Ethical approval for the work was obtained from the Human Subjects Review Committee, Office of Research Services, University of Toronto. Subjects gave written informed consent to participate in the study.

Breath samples for hydrogen and methane
Samples of end-expiratory alveolar breath were collected in the fasted state and every hour for 12 h after the breakfast meal with the use of a modified Haldane-Priestley tube (12). Smokers (n = 7) refrained from smoking from 30 min before collection of the fasting breath sample until collection of the 12-h sample was complete (13). Breath hydrogen and methane in expired air were measured by using gas chromatography (model 12i Microlyzer; Quintron Instruments Co Inc, Milwaukee).

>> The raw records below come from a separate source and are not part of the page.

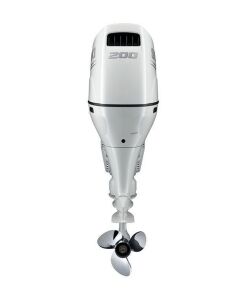 Suzuki DF 200 APL Dıştan Takma Deniz Motoru (Beyaz)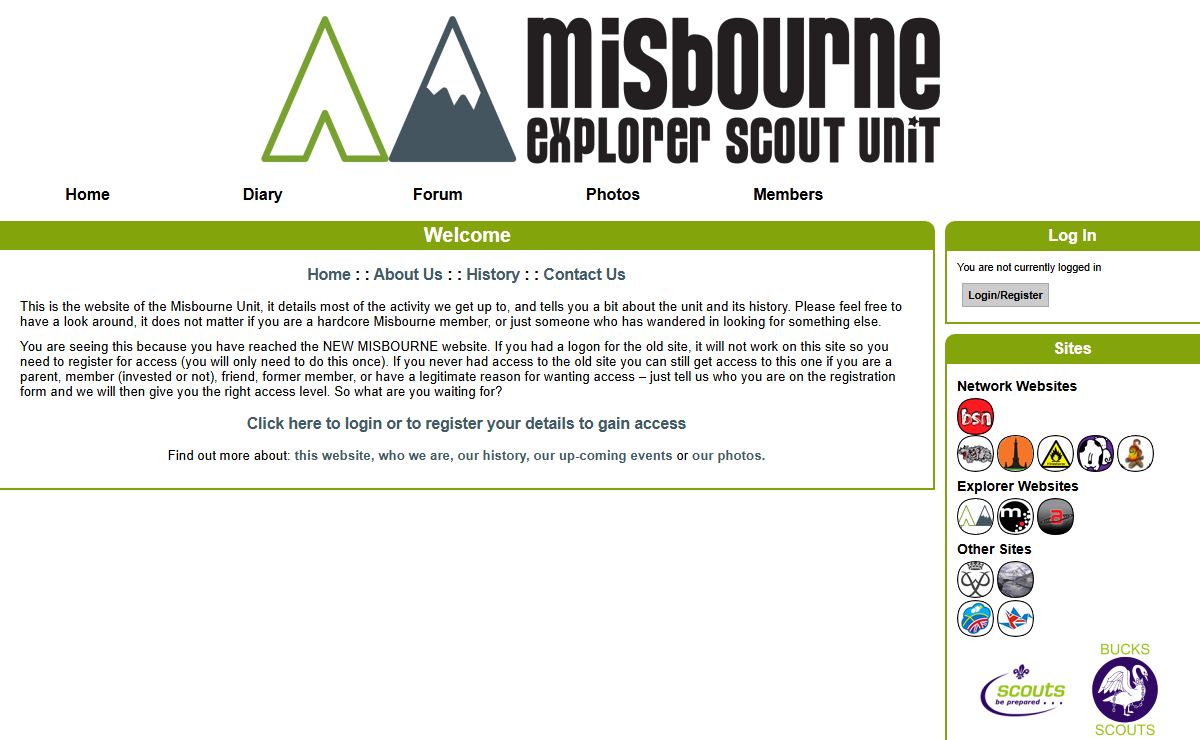 Welcome :: Misbourne
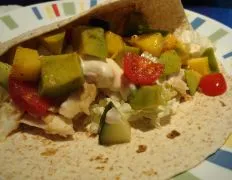 Mango Salsa Fish Tacos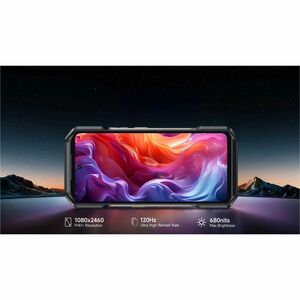 Ulefone Armor 27T Pro+ 256 GB Rugged Smartphone - 17.2 cm (6.8") LCD Full HD Plus 1080 x 2460 - Octa-core (Cortex A76Dual-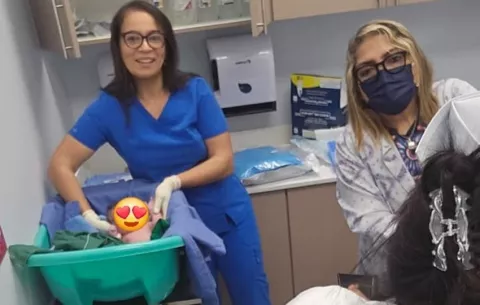 Nace  primer bebé en el recién inaugurado hospital de Bugaba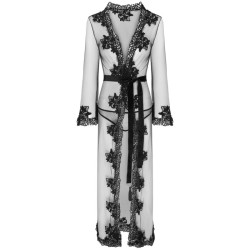 LIVCO CORSETTI FASHION - ROBE NOKINA LC XG055 CULOTTE NOIR TAILLE UNIQUE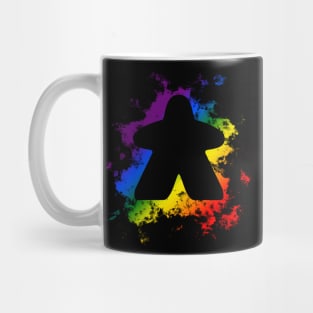 Meeple Splash - Rainbow Mug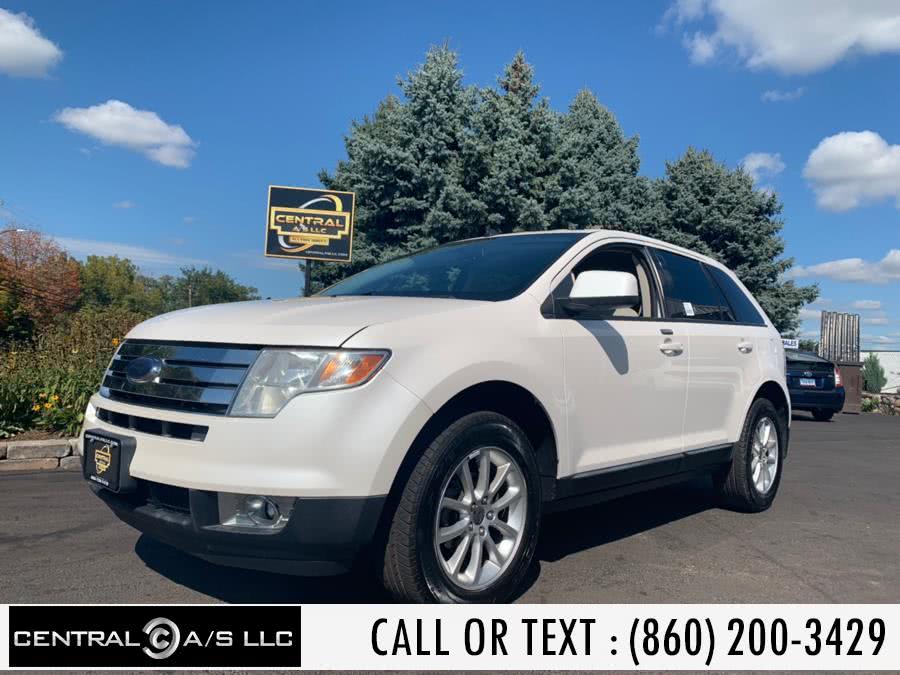 2009 Ford Edge 4dr SEL FWD, available for sale in East Windsor, Connecticut | Central A/S LLC. East Windsor, Connecticut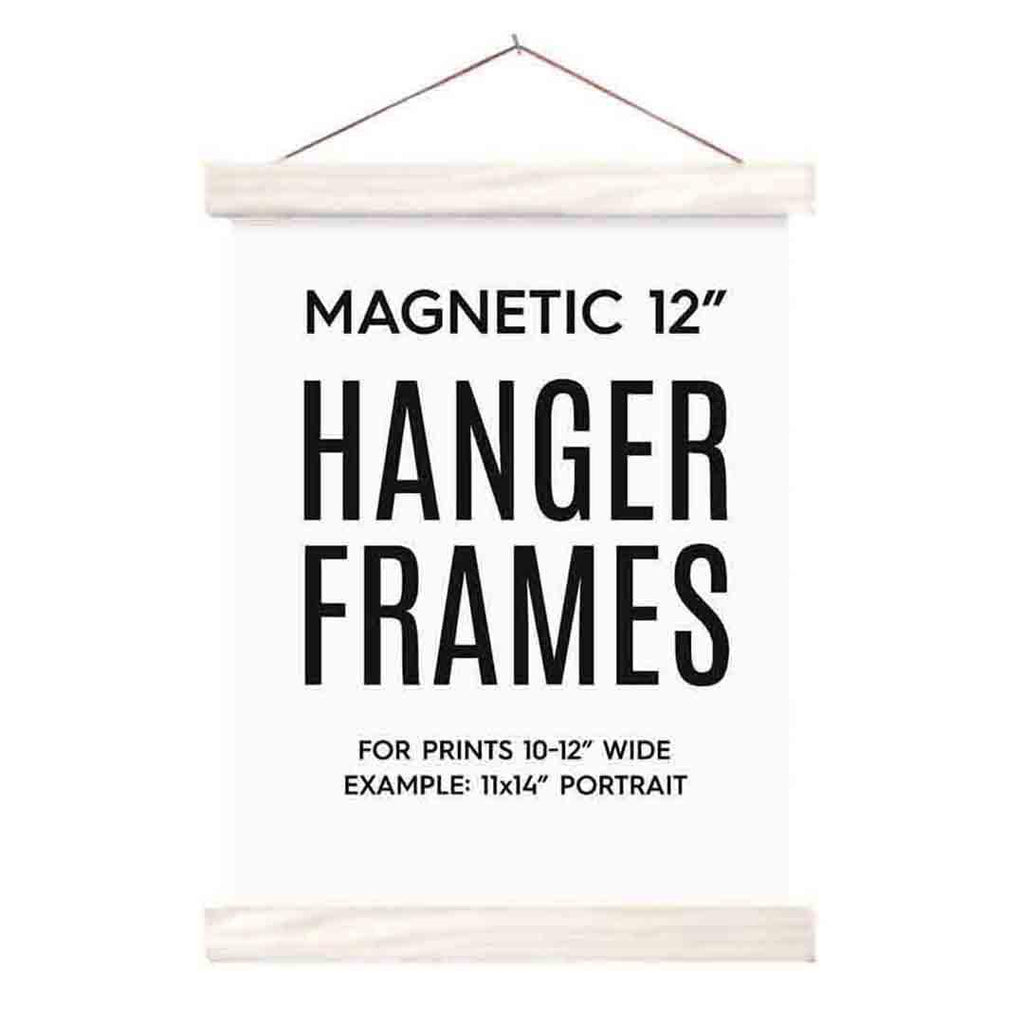 Frame - 12in - Magnetic Hanger Frame (Assorted Colors) by Hanger Frames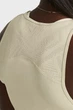 Жіночий бежевий топ Vanish Elite Vent Tank Under Armour L 1383653-273 - изображение 4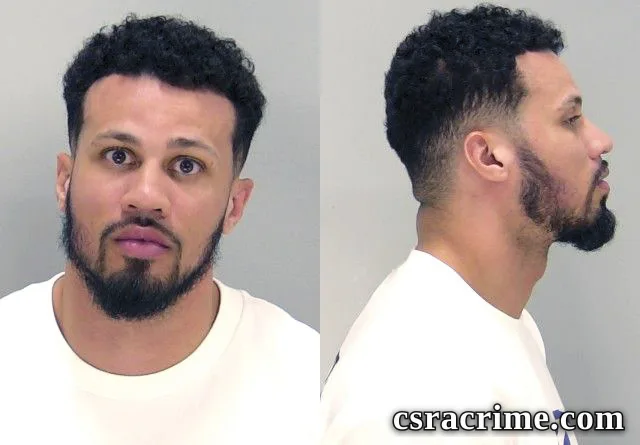 Brandon Govia booking photo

Methane producers were defined as those subjects whose fasting breath methane concentration was ≥0.045 µmol/L above the concentration in room air (14).

Blood samples for glucose analysis
Blood from a forearm vein was collected into tubes containing potassium oxalate at the same times that breath was sampled. These samples were centrifuged at 600 x g for 10 min at 4 °C, and the plasma was removed and stored at –70 °C until blood glucose analysis was performed with the use of an automatic analyzer (YSI model 2300 STAT glucose/L-lactate analyzer; Yellow Springs Instruments, Yellow Springs, OH).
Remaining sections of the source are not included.